Rilevava che l'imputato aveva sostanzialmente ammesso il fatto limitandosi a sostenere che aveva ritenuto in buona fede di poterlo fare in quanto la donna gli aveva mostrato la richiesta per ottenere il permesso di soggiorno.
Secondo la Corte il principio di buona fede non era invocabile da parte dell'imputato in quanto a lui incombeva l'obbligo di prendere visione del permesso di soggiorno prima di assumere la cittadina extracomunitaria, non essendo sufficiente la semplice richiesta.
Inoltre il G. conosceva la situazione della donna in quanto abitava vicino alla sua trattoria; la pena appariva congrua visto che vantava precedenti penali proprio in materia di violazione delle norme sul lavoro.
Contro la decisione presentava ricorso l'imputato deducendo:
- Manifesta illogicità della motivazione nella parte in cui dava per scontato che egli conoscesse la condizione di clandestina della donna solo perchè abitava vicino alla sua trattoria, e nella parte in cui non aveva valutato che l'assunzione della donna era stata limitata ad una sola settimana di prova, dopo di che, non avendo ricevuto il permesso di soggiorno, la licenziava;
- Contrasto tra dispositivo e motivazione nella parte in cui aveva ritenuto che la pena non potesse essere convertita, mentre nel dispositivo veniva confermata la sentenza di primo grado che invece aveva concesso la conversione;
- Intervenuta prescrizione del reato.
La Corte ritiene che il ricorso debba essere dichiarato inammissibile in quanto richiede di effettuare una rivalutazione degli elementi di fatto posti alla base della decisione. La motivazione appare invece del tutto congrua e logica non potendo l'imputato invocare la sua buona fede, visto che doveva sapere che la legge richiede il permesso di soggiorno per poter assumere una cittadina extracomunitaria, e visto che anche un'assunzione in prova costituisce instaurazione di un rapporto di lavoro.

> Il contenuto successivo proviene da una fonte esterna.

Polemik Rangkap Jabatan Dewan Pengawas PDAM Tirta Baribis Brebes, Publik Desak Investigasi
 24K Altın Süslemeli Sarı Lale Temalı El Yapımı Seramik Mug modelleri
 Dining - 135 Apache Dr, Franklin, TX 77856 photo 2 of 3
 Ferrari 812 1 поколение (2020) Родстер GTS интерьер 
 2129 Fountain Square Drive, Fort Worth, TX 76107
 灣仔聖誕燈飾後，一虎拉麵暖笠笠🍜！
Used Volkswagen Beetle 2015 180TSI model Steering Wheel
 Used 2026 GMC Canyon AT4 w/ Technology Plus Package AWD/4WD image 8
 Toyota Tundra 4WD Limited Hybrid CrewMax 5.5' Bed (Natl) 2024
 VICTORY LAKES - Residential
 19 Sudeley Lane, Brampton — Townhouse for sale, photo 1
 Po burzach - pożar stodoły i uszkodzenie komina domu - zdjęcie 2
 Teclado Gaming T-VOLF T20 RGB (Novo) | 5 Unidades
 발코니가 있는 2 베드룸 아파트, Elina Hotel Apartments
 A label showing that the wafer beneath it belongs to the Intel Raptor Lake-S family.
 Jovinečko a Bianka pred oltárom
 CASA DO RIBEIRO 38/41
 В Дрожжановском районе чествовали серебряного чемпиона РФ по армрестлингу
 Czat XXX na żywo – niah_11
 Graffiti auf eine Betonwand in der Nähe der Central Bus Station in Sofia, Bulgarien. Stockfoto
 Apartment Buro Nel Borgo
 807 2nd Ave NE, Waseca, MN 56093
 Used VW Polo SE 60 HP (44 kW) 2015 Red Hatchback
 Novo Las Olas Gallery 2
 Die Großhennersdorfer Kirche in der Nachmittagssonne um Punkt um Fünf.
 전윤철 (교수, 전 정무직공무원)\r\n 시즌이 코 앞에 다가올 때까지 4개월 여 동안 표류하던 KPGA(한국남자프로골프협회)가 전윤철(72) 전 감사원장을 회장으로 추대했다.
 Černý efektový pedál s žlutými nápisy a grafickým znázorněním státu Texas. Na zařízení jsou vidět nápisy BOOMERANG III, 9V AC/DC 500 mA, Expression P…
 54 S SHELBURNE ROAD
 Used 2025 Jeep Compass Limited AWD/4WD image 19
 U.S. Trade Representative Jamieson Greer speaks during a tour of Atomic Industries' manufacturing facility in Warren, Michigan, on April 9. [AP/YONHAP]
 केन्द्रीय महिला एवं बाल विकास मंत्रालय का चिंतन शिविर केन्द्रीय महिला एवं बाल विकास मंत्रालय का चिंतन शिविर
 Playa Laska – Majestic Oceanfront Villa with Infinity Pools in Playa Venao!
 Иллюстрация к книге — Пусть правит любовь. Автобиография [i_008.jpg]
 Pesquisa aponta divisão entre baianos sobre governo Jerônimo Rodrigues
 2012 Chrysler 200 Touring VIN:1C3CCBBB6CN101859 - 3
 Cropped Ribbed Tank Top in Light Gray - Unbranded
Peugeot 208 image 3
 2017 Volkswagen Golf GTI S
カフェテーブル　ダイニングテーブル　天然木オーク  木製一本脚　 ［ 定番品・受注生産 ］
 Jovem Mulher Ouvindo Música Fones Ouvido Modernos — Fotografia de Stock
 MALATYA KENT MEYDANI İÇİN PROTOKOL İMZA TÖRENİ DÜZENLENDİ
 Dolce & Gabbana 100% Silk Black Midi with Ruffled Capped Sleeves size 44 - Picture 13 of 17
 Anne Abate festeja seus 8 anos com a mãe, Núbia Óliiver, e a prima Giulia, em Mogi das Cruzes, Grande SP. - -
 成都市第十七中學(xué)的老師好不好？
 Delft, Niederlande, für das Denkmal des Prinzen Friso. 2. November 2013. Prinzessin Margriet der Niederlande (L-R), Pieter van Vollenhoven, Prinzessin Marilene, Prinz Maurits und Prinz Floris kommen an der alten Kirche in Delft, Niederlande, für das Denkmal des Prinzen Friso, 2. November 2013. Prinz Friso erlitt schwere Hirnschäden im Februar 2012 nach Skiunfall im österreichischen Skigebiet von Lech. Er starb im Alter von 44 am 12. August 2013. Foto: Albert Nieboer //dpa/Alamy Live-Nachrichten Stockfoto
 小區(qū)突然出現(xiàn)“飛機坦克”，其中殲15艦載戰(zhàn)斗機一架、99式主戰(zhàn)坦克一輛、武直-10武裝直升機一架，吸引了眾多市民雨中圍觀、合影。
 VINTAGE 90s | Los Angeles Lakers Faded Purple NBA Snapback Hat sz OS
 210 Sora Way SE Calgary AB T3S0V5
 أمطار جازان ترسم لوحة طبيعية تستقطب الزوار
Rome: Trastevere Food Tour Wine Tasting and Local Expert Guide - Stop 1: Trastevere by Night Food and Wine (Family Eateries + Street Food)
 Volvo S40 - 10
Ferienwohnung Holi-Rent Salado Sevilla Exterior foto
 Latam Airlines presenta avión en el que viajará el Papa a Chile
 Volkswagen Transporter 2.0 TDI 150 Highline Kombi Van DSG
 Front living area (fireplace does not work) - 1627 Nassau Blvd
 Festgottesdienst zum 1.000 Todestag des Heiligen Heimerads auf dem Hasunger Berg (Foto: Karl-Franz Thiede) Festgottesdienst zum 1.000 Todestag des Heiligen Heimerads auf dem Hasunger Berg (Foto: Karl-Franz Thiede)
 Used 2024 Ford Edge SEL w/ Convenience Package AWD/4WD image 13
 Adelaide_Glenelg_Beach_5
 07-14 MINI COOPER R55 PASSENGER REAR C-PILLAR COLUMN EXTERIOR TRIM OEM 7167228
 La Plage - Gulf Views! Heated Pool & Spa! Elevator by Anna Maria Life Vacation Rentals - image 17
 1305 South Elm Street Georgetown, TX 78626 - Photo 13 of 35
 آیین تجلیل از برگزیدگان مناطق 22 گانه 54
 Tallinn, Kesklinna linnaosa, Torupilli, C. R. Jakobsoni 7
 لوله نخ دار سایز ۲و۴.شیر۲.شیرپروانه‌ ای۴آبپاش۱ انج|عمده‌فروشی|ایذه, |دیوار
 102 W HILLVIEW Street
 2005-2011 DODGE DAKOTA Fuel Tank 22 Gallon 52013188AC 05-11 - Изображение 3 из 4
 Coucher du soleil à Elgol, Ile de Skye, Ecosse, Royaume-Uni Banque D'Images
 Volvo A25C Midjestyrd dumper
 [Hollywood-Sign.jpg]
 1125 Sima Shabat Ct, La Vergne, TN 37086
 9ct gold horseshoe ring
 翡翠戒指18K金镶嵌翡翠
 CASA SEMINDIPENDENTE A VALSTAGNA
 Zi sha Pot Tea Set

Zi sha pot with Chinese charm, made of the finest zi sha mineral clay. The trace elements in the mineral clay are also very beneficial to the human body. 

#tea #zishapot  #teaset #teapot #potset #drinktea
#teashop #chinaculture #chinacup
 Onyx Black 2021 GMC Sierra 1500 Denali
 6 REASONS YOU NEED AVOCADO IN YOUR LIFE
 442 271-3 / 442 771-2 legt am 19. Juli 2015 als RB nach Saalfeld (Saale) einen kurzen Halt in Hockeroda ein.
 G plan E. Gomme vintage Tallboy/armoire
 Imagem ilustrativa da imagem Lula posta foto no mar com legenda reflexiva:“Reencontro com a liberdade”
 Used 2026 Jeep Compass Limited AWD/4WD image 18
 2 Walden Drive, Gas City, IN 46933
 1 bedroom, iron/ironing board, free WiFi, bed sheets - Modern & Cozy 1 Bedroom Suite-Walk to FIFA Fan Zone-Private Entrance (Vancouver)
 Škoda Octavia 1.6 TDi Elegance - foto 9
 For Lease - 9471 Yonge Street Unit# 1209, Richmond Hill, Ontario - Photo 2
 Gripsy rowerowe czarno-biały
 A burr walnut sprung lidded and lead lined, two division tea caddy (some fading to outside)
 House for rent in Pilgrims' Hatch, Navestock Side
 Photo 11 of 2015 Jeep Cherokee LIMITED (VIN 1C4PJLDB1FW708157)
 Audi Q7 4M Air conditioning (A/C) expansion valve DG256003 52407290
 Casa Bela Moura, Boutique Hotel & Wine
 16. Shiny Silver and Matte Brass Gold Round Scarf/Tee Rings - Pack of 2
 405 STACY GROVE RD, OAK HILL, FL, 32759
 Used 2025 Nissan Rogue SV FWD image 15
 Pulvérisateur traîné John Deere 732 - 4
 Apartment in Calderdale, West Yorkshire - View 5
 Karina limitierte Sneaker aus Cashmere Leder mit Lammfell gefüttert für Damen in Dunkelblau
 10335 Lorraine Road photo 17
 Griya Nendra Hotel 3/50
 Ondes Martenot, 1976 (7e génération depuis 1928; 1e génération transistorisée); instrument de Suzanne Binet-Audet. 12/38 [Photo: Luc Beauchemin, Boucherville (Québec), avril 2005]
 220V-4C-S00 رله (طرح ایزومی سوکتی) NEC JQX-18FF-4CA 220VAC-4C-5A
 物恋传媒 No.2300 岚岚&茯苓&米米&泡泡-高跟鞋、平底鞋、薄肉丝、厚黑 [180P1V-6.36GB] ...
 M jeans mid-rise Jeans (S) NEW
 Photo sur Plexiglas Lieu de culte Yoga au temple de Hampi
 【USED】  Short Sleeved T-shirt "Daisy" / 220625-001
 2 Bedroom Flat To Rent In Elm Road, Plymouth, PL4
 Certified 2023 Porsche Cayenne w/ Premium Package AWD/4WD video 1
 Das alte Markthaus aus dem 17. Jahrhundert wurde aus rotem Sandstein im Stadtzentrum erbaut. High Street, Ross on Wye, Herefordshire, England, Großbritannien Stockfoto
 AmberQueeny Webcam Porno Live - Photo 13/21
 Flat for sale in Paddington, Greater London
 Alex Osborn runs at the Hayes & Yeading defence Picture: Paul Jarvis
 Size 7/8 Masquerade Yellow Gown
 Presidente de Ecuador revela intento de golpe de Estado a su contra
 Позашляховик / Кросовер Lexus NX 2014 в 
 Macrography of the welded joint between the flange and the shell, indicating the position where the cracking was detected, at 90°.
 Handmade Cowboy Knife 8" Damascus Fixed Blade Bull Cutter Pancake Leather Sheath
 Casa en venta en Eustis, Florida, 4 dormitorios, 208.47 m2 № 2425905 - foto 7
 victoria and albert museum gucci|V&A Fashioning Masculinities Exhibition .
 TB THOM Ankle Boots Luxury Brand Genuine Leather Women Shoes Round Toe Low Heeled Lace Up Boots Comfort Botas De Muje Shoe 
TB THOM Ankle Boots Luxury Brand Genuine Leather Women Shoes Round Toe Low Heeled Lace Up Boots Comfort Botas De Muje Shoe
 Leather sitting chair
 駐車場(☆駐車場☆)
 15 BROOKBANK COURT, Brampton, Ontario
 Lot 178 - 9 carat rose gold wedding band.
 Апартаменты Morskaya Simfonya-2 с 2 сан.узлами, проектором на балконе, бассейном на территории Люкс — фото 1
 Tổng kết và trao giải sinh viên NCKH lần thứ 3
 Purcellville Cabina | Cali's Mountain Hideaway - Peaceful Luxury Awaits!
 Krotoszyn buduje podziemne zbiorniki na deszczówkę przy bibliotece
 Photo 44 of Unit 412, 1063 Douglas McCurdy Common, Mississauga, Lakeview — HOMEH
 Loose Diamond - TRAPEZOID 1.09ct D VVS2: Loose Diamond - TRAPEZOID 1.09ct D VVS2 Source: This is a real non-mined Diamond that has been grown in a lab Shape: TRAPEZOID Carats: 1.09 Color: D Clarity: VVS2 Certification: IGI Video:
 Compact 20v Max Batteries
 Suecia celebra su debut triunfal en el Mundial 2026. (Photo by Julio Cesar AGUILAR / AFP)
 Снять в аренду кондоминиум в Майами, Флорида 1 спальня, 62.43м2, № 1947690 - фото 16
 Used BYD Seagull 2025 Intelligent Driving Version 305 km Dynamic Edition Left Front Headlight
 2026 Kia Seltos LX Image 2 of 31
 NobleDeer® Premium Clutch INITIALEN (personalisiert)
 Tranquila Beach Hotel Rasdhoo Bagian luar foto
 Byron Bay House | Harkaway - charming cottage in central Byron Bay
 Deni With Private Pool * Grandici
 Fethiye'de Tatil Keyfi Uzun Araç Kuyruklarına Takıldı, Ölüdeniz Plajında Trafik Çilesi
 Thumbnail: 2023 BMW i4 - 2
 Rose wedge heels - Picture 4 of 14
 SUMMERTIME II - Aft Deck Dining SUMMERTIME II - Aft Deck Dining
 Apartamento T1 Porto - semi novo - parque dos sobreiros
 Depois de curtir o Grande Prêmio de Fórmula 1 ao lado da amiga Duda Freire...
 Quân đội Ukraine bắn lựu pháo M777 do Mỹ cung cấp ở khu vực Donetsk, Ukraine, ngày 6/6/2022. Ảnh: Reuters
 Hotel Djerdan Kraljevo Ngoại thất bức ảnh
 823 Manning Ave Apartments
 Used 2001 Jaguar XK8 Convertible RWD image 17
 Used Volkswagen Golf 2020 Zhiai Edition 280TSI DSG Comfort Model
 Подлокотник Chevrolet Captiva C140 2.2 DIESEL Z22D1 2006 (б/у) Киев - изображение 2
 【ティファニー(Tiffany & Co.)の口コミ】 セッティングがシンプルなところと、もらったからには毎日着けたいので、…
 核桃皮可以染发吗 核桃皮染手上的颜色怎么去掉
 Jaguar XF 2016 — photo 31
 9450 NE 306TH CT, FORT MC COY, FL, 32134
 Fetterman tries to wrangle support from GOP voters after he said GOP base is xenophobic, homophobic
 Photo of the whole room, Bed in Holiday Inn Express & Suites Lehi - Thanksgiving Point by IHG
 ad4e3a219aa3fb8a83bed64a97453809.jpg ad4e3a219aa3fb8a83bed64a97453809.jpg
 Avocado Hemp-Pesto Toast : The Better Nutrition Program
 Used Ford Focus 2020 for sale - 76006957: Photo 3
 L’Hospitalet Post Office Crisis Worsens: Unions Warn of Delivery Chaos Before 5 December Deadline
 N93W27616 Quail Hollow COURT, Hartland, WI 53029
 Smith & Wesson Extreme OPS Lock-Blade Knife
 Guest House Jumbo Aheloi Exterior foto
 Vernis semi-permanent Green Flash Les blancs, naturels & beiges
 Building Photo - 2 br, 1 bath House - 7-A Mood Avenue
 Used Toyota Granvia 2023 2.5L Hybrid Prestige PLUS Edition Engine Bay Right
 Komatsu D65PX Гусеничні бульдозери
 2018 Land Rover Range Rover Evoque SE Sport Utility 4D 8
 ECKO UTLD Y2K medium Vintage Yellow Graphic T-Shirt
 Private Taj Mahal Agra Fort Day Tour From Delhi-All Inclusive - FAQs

Il ricorrente deve essere condannato al pagamento delle spese processuali e della somma di Euro 500,00 alla Cassa delle Ammende. P.Q.M.
La Corte dichiara inammissibile il ricorso e condanna il ricorrente al pagamento delle spese processuali e della somma di Euro 500,00 alla Cassa delle Ammende.
Così deciso in Roma, il 25 ottobre 2006.